今回は、私が最初に「膨潤性粘土鉱物」について、簡単に説明します!! いいですよね、六郷課長!!(奥の部屋から課長の「Whatever you want to do , Mis Sanno !!」の声がしています。) Well, I'm going to take you about expansive clay minerals.
「膨張性粘土鉱物」の種類(★1など)としては、2:1層のスメクタイト族とバーミキュライト族の粘土鉱物とが知られており、その他には、それらの層を成分層としてもつ「イライトースメクタイト」、「クロライトースメクタイト」混合層鉱物があります!
スメクタイト族は、(Si, Aℓ)O4四面体が2次元的に結合した「四面体シート」と、M(O,OH)6(M=Aℓ、Mg, Fe, Ti等)八面体が2次元的に網状に結合する「八面体シート」が一部の酸素イオンを共有した層状構造を有しています。
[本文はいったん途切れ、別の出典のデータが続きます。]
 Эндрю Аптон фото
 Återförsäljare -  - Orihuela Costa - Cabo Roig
連結の仕方としては、1枚の四面体シートと1枚の八面体シートとが連結するタイプと、2枚の四面体シートが1枚の八面体シートを挟む連結方式とがあります。前者を1:1層、後者を2:1層と呼んでいます。また、膨潤性を示すスメクタイト(モンモリロナイト)とバーミキュライトには、層間の陽イオン間隙水中に溶存する他の陽イオンと容易に交換する性質(陽イオン交換性)が見られます。

図-1 2:1型の粘土鉱物の結晶構造モデル((株)ホージュン資料に加筆)
この層間イオンの種類によって「水和力」が異なるために結晶の底面間隔が変化します。一般に、交換性陽イオンの種類としては、Na+、Ca2+、Mg2+、K+、NH4+などの陽イオンが知られています。その中で、モンモリロナイトの層間性陽イオンの種類によっては、「膨潤の度合い」などが異なってきます。例えば、層間性陽イオンが「Na+」の場合には、結晶層を引付ける吸引力が「Ca2+」よりも弱いため、「Na+」の水和力で水分子が入り込み、水の供給があれば、次々と水分子が入り込むこととなり、層間隔は無限に膨潤することになります。This mechanism can hold as much water as infinite.
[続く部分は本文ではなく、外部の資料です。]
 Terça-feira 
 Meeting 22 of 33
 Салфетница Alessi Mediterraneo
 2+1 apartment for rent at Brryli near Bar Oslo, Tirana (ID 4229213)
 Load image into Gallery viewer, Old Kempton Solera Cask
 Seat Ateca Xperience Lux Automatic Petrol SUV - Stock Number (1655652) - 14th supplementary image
しかし、層間性陽イオンが「Ca2+」の場合には、結晶層を引付ける吸引力は「Na+」よりも強いのですが、水和力が「Na+」の5倍強く、2層の水分子まで容易に形成されるものの、結晶層を吸引する力に制限され、層間には3分子層までしか水分子が入り込めない構造となります。したがって、土木工学上の重要な膨潤性粘土鉱物としては、「Na」型のモンモリロナイトの存在に大いに注視する必要が生じてきます。
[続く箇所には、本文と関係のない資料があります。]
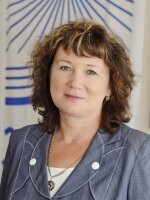 Королева Наталья Анатольевна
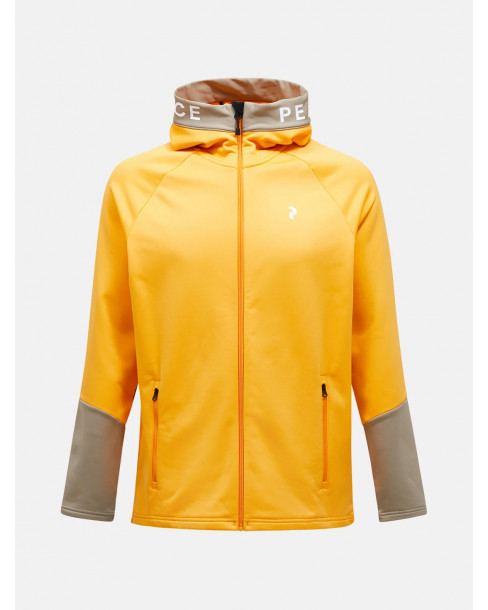 PEAK PERFORMANCE HERR RIDER...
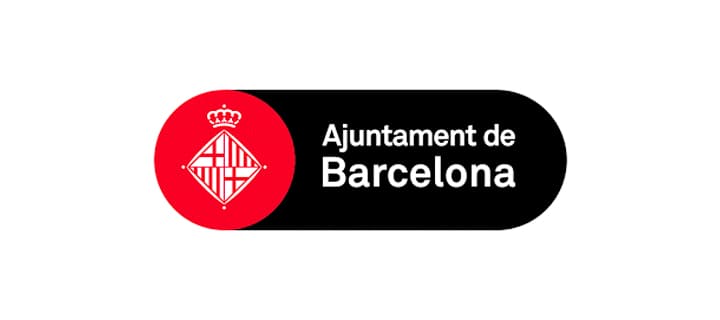 ajuntament-de-Barcelona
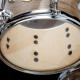 Tama LJK48H4-CMW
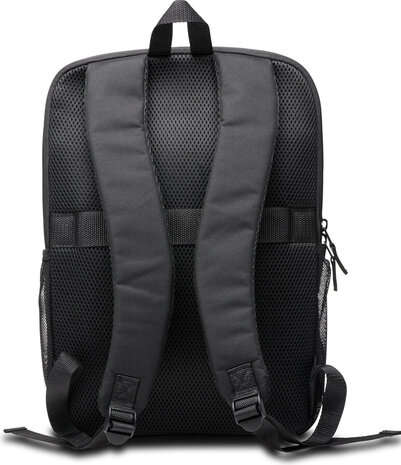 K60391WW Notebook carrying backpack (14&quot;)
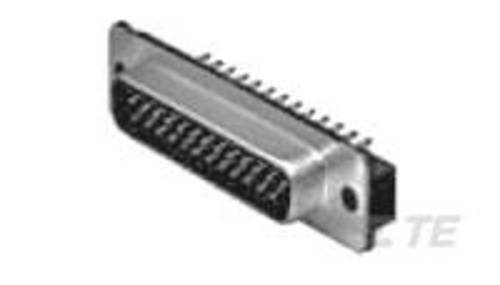 TE Connectivity 5787177-1 Tray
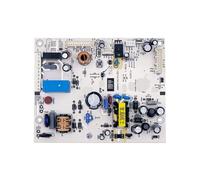 Tablero de Control del refrigerador 0061800347 Circuito PCB Frigorífico Placa Base Congelador Piezas For Haier, Partes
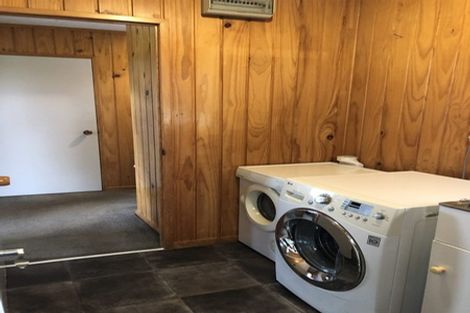 Photo of property in 293 Wiroa Road, Kerikeri, 0293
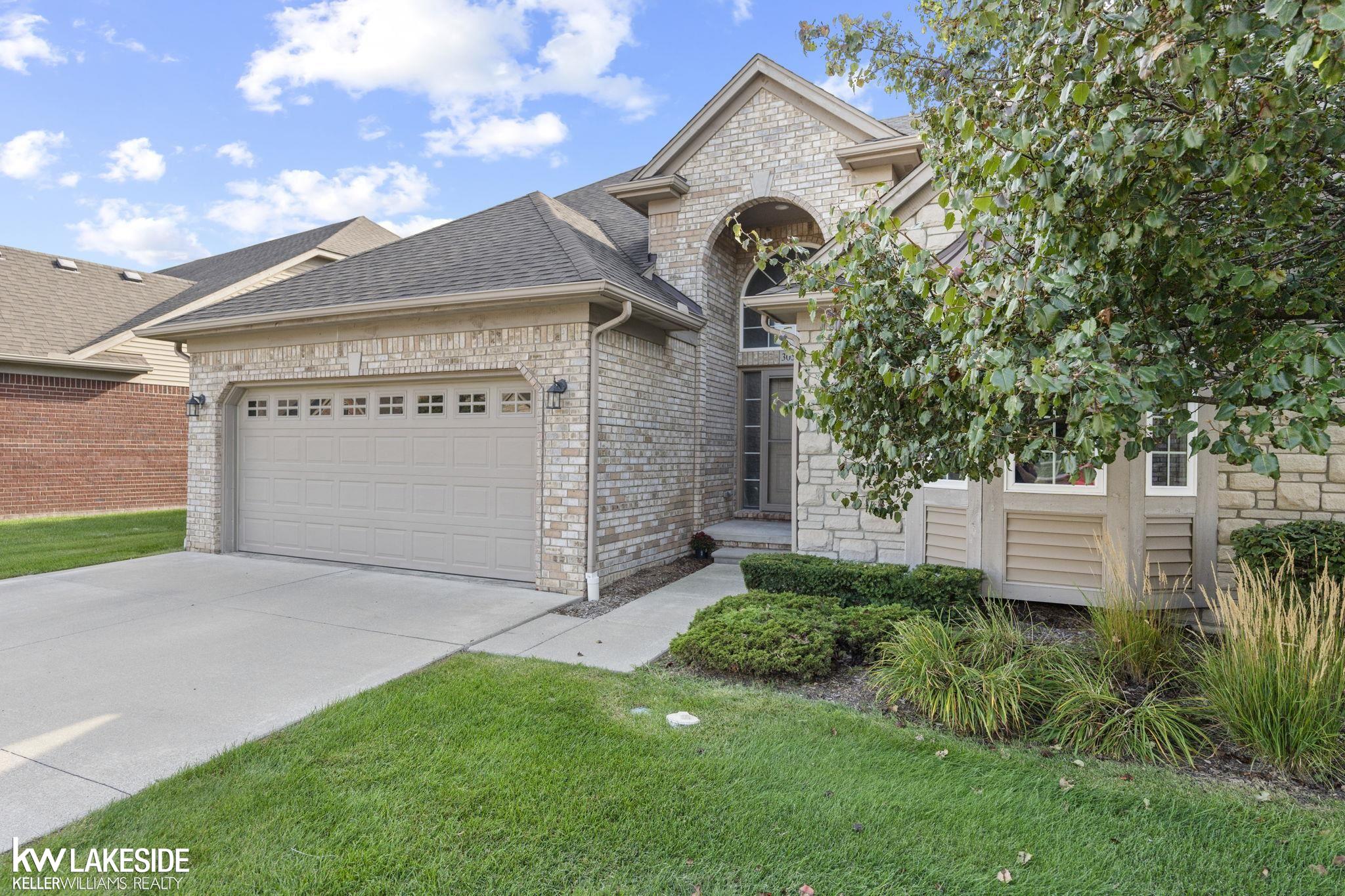 30520 Berghway Trail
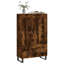 Blocher 69.5cm Sideboard-1350707479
これらの事を考慮すると、スレーキング試験や吸水膨張試験などで、急激な膨潤性や大きい膨張量を示すような材料については、「Na」型のモンモリロナイトが含有している可能性が高いと判断されます。This is the key point of the story.
山王係長!! 内容が難しくよくわかりません!つまり、膨潤性粘土鉱物としては、2:1型のモンモリロナイトでしかも「Na」型の粘土鉱物が膨潤に大きく影響するのですね!では、「Na」型と「Ca」型との区別はどうすればわかるのかしら?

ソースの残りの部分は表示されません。